Henley and Partners also ordered this news portal to remove social posts related to the article entitled, ‘Henley and Partners involved in Grenada diplomatic passports scandal,‘ and said The Shift was not to publish the letter containing the threat.
In its reply to Henley and Partners, The Shift said it would not remove the story and the letter received would be published.
The SLAPP – strategic lawsuit against public participation – is a lawsuit that aims to censor, intimidate, and silence critics by burdening them with the cost of a legal defence until they are forced to abandon their criticism.

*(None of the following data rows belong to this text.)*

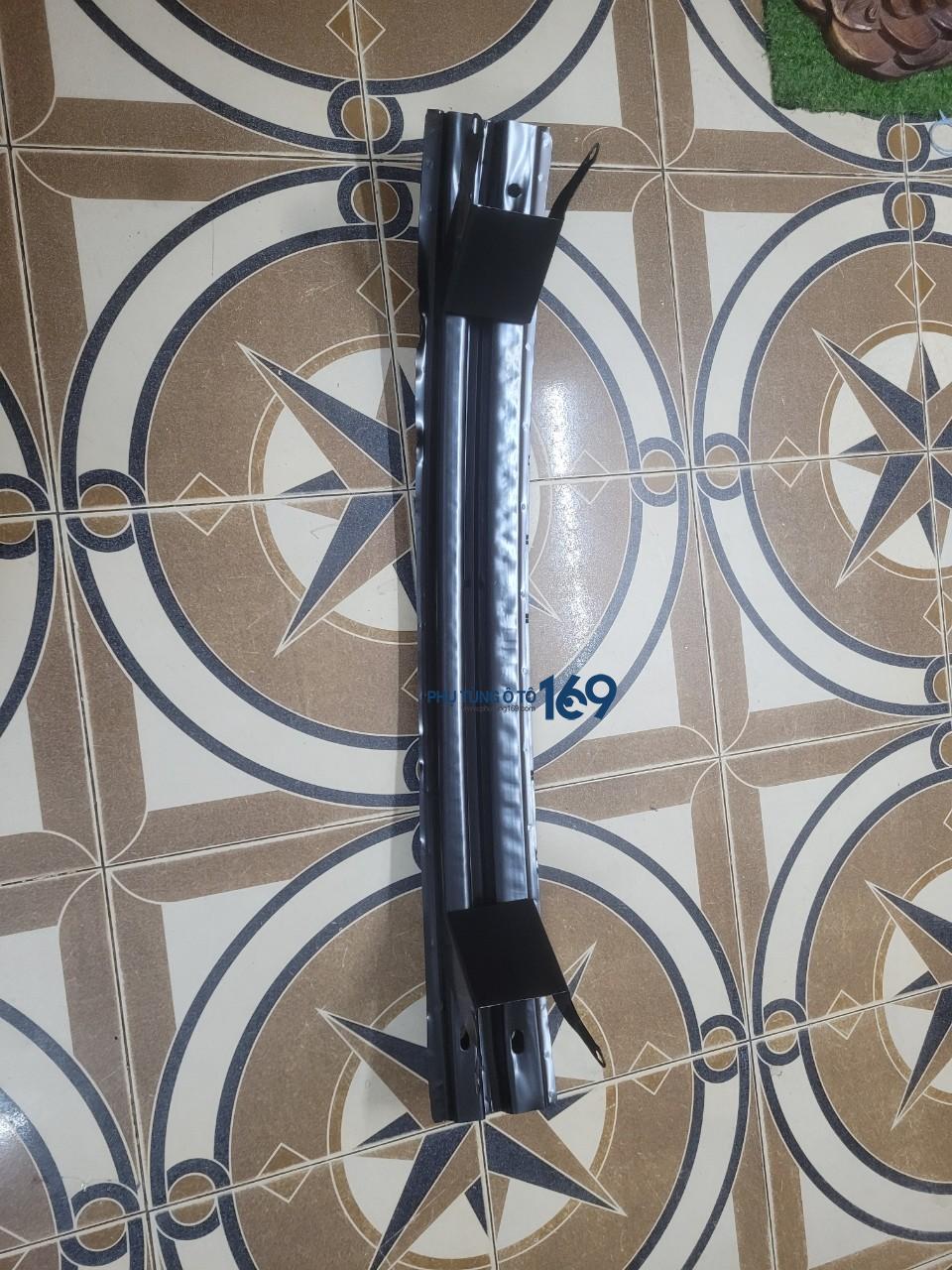 Xương cản trước Vios Xương cản trước Vios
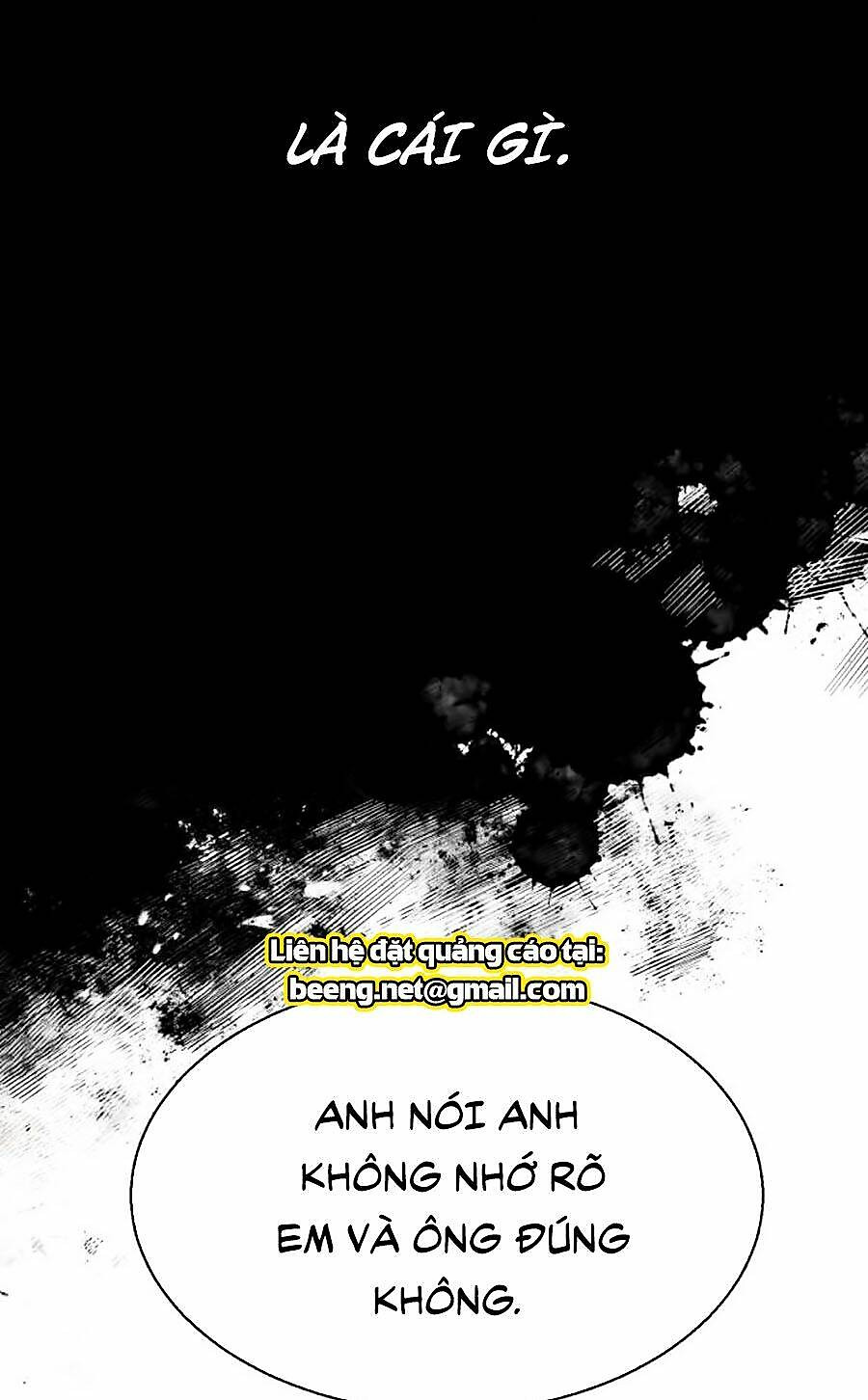 bạn học tôi là lính đánh thuê chapter 4 103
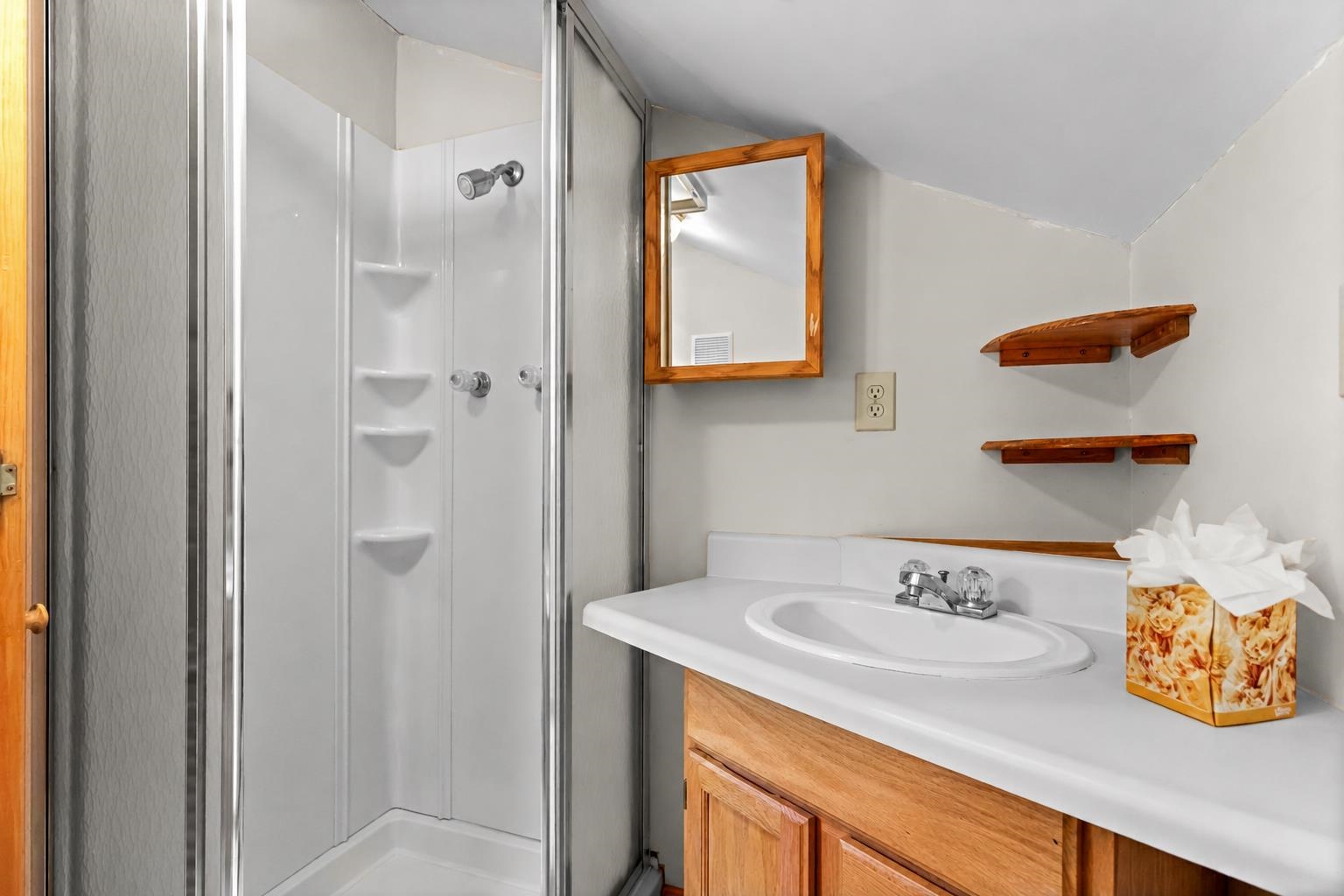 2600 Minnick Road Aynor, SC 29511 - Photo 40 of 42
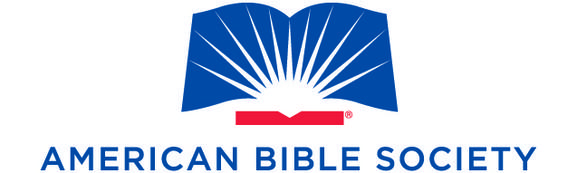 File:American Bible Society logo.jpg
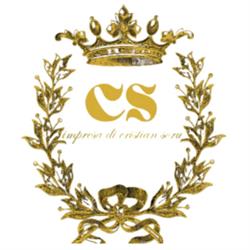 Cs Impresa - Soru Cristian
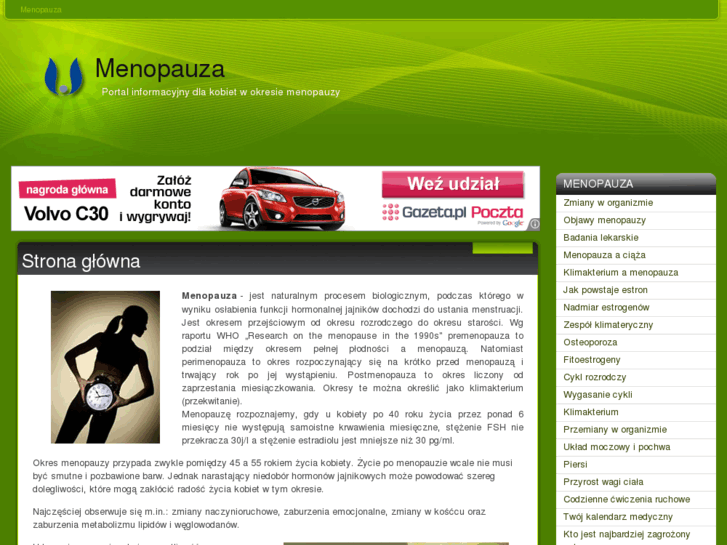 www.menopauza.biz.pl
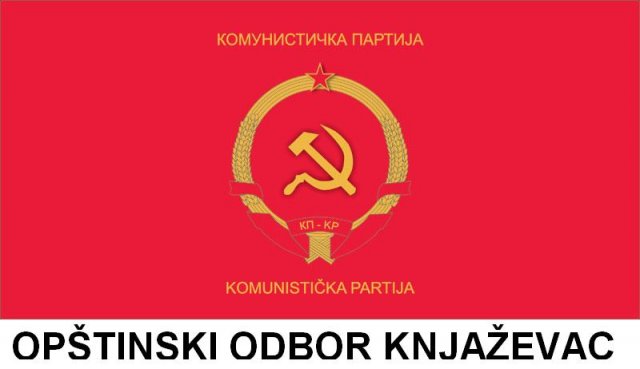48340-Zastava1.JPG, 31 KB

While Henley and Partners threatens journalists in Malta, it is promoting “an exclusive gala dinner” in London with Maltese tenor Joseph Calleja, which is being organised “with the participation of the Government of Malta”.
The event will be held at Drapers’ Hall in April to “celebrate the remarkable success of the Malta Individual Investor Programme,” as the passport sales scheme is called. The scheme has been mired in controversy and corruption allegations.
Prime Minister Joseph Muscat, who is a regular speaker at Henley and Partners’ international events, was addressing a Henley & Partners conference on citizenship in Hong Kong while the EU Parliament was voting on a report on the rule of law in Malta.
SLAPP lawsuits have been made illegal in many jurisdictions because they impede freedom of speech.
Legal protection can be offered to the press: “The [Maltese] government should legislate to make judgements obtained abroad for defamation unenforceable in Malta,” lawyer Andrew Borg Cardona said.
Journalists and citizens have supported The Shift’s stand on social media, by republishing the letter and the story that Henley and Partners want buried. Frederik Obermaier, an investigative journalist for the Munich-based newspaper, Süddeutsche Zeitung, who helped initiate the Panama Papers-revelation, was among those who republished Henley and Partners’ letter to The Shift.
Hundreds of people also supported The Shift’s call for support, when events unfolded on Christmas Eve.
The implications of such lawsuits are severe. “SLAPPs are yet another weapon in this era of post-truth…A SLAPP lawsuit helps create a world where one particular version of the truth vanishes from circulation – not because it was untrue but because it became too expensive to assert.
“One way to fight this assault on freedom of expression is to make it impossible for the SLAPP lawsuit to become effective. Each and every one of us can be part of this. Pick up the news that they want to suppress. Circulate it,” lawyer Jacques Rene Zammit said.
The SLAPP threat is a reality. It is the public’s right to access information, to know the facts, that is being threatened.
It is Orwellian: “The past was erased, the erasure was forgotten, the lie became the truth” (1984).
Partit Demokratiku yesterday issued a statement supporting The Shift’s stand: “We at Partit Demokratiku believe that the ability for the independent press in this country to investigate, report and bring to account both public figures and private companies is an absolutely essential part of our democracy.
“In this atmosphere of lack of transparency regarding anything related to government programmes with private companies and international dealings it is even more essential that the press question, probe, and investigate and put things under scrutiny freely and without fear of persecution”.
The Labour Party and the Nationalist Party have remained silent on the issue.
“A threat to the free press is a threat to all of us. We must show we will not be intimidated by big business and their financial muscle,” PD said.
The Shift is so far the only news outlet in Malta not to succumb to the threat of financially crippling lawsuits, and it has called on the public to support its stand.